Le directeur technique national avait commencé par chiffrer le bilan de l'équipe de France à Osaka. Donc deux médailles au Japon contre sept en Finlande il y a deux ans, dix finales ici contre treize en 2007, vingt-et-une places de demi-finaliste cette année contre dix-neuf à Helsinki. Et 50% des athlètes de la délégation française ont progressé contre 40% en 2005. «Il faut aussi s'attarder sur la grande densité des compétitions à Osaka, a ajouté Franck Chevallier. Par exemple, Vanessa Boslak et Leslie Djhone auraient été médaillés en 2005 avec leurs résultats de 2007. Et il faut aussi noter que l'équipe de France présente à Osaka était plus jeune de quatre ans que celle engagée en Finlande. Donc, vu comme ça, l'équipe de France n'a pas été si mauvaise que ça.» Et le DTN de citer Fadil Bellaabouss (400m haies), Elodie Guegan (800m) et Sophie Duarte (3 000m steeple) comme les satisfactions parmi les jeunes. Plus un collectif de marcheurs emmené par Yohann Diniz qui a obtenu les meilleurs résultats. «Yohann voulait cette médaille et il était attendu par tout le monde, glisse à son tour Bernard Amsalem. Romain avait notre confiance depuis son comportement à Göteborg.
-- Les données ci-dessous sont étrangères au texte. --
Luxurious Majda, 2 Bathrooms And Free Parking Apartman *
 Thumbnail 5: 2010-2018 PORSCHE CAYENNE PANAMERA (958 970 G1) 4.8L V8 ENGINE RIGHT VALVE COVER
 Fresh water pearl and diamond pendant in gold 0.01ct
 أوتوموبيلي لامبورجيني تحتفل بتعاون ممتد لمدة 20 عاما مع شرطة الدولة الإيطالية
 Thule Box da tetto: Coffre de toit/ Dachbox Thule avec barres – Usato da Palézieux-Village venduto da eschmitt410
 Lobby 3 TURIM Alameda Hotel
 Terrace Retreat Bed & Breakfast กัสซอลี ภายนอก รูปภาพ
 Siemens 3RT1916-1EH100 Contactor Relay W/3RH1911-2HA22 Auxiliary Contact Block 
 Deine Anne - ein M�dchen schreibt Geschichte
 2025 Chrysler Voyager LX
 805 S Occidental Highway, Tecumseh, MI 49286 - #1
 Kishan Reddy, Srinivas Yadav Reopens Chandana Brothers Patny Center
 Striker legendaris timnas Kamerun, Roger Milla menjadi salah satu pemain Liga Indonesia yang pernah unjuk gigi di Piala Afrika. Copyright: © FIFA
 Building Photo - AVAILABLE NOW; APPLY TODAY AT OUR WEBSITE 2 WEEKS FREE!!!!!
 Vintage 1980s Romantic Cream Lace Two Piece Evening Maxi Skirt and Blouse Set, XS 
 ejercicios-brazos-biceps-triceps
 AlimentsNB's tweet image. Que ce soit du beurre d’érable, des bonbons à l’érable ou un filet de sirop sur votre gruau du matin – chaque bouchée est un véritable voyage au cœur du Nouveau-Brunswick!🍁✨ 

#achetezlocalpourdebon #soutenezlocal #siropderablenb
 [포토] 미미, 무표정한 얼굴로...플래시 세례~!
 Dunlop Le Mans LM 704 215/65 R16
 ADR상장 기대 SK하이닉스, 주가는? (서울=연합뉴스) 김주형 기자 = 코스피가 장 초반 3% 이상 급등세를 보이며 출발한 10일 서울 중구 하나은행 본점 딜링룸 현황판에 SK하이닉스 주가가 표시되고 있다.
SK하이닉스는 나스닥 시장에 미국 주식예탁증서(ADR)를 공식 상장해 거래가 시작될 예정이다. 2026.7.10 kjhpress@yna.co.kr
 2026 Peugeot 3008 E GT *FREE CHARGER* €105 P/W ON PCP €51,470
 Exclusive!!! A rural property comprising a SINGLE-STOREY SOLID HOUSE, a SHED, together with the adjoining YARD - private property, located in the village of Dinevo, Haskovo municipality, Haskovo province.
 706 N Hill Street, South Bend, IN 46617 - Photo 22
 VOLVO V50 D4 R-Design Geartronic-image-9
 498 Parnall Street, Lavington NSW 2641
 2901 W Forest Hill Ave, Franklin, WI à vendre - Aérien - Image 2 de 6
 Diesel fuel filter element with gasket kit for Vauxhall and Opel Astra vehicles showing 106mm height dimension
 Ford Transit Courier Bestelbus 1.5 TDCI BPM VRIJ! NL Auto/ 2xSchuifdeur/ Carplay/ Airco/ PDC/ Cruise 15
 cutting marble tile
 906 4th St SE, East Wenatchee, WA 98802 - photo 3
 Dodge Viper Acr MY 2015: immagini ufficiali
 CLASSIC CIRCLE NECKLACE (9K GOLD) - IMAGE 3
Il a fait un concours intelligent avec des risques mesurés.» Inversement, les faillites ont pour nom Baala, Barber, Doucouré ou encore Hurtis sans oublier les relais.

«Mais maintenant on peut faire mieux en optimisant la préparation, annonce Bernard Amsalem. Certes, on ne maîtrise pas tous les paramètres. Il y a l'éparpillement des athlètes, les méthodes des entraîneurs. Il y a aussi le fait que l'athlétisme demeure complexe avec différentes cultures. Et puis il faut aussi hiérarchiser les rendez-vous. Aux Europe, on peut tout essayer, faire toutes les expériences. Aux Mondiaux, il faut déjà prouver qu'on est en mesure de réaliser une performance. Aux Jeux, il faut que l'athlète sélectionné soit capable de figurer dans les seize premiers de sa discipline.» Bernard Amsalem se veut finalement optimiste : «On retrouvera la réussite de 2003 et de 2005 et 2008 se passera mieux que 2004 (NDLR : deux médailles de bronze pour l'équipe de France).»